- Genre: Music
- Country of origin: South Korea
- Original language: English

Original release
- Network: Arirang TV

= Pops in Seoul =

Pops in Seoul, airing from 1998 to 2021, has presented Korean popular music for the past twenty-two years on the network Arirang TV. The show's VJ presented current music, news about K-pop culture, and provided overseas viewers with the latest Korean pop music and information. Former host Daniel of DMTN was caught up in a drug scandal and as a result, stepped down March 13, 2013, being replaced by BtoB's Peniel. On August 18, 2013, Wonder Girls member Woo Hye-rim became the show's newest host. On March 10, 2014, Lim officially stepped down from her duties and was succeeded by five new hosts.

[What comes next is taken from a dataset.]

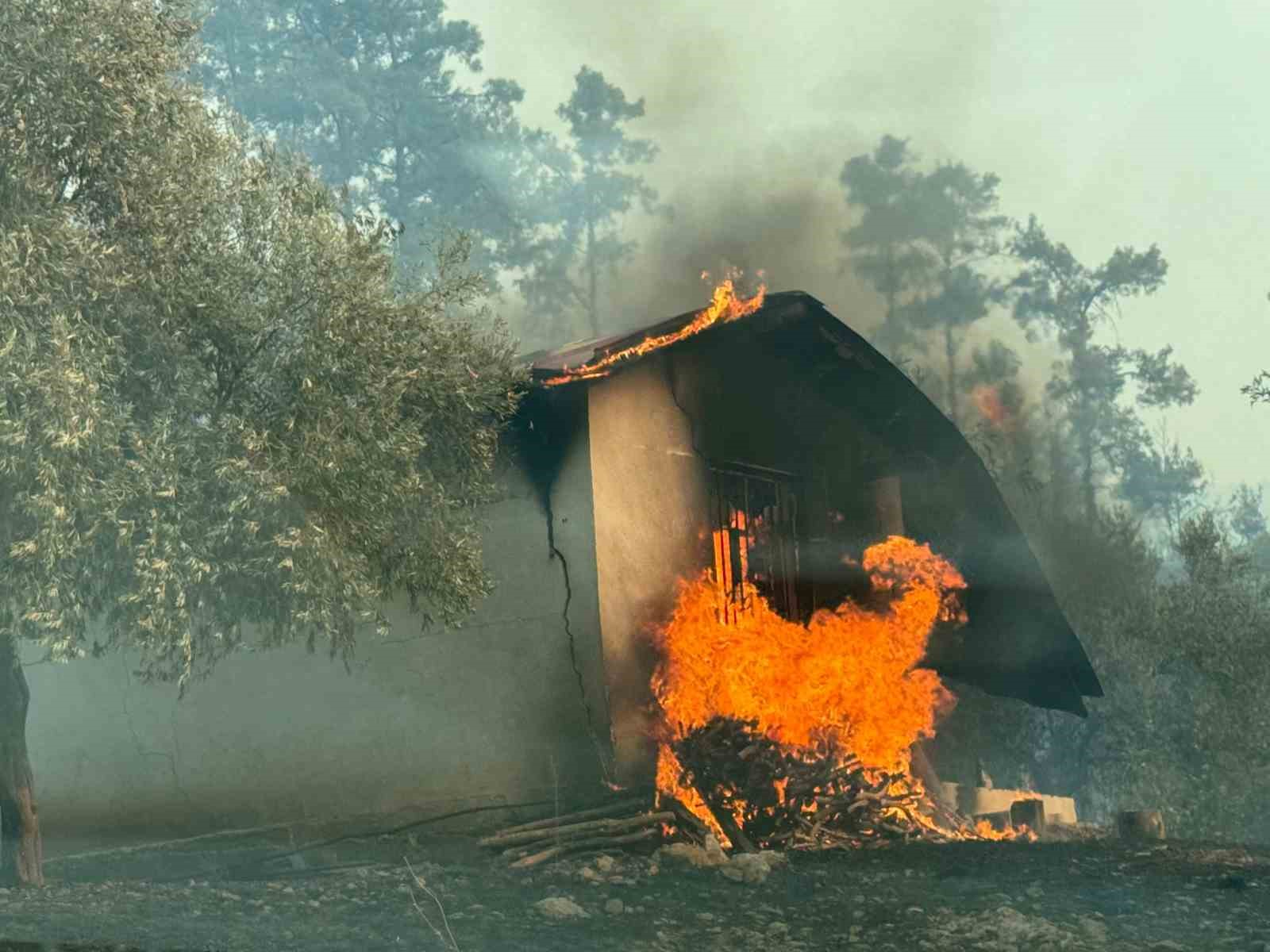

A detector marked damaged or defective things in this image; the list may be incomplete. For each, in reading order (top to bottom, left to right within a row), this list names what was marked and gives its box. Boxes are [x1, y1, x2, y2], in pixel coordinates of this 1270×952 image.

cracked wall [21, 424, 610, 832]
crack in wall [541, 487, 614, 787]
burnt eave [521, 290, 1107, 716]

Each day of the week featured different segments, including new music videos, and a closer look at stars on Mondays with Skarf's leader Tasha, the latest K-pop news and a look back at past music on Tuesdays with Nak Hun, up-and-coming stars on Wednesdays with Electroboyz's 1kyne, an interview with top stars on Thursdays with Blady's Coco (in which they pick their own questions), and the top 20 songs of the week on Fridays with Sam Ku. On June 4, 2018, Samuel became host of the show. On July 1, 2019, Felix Lee of Stray Kids took over as the new host. A.C.E's Kim Byeongkwan was the last MC from January 6, 2020 to March 31, 2021.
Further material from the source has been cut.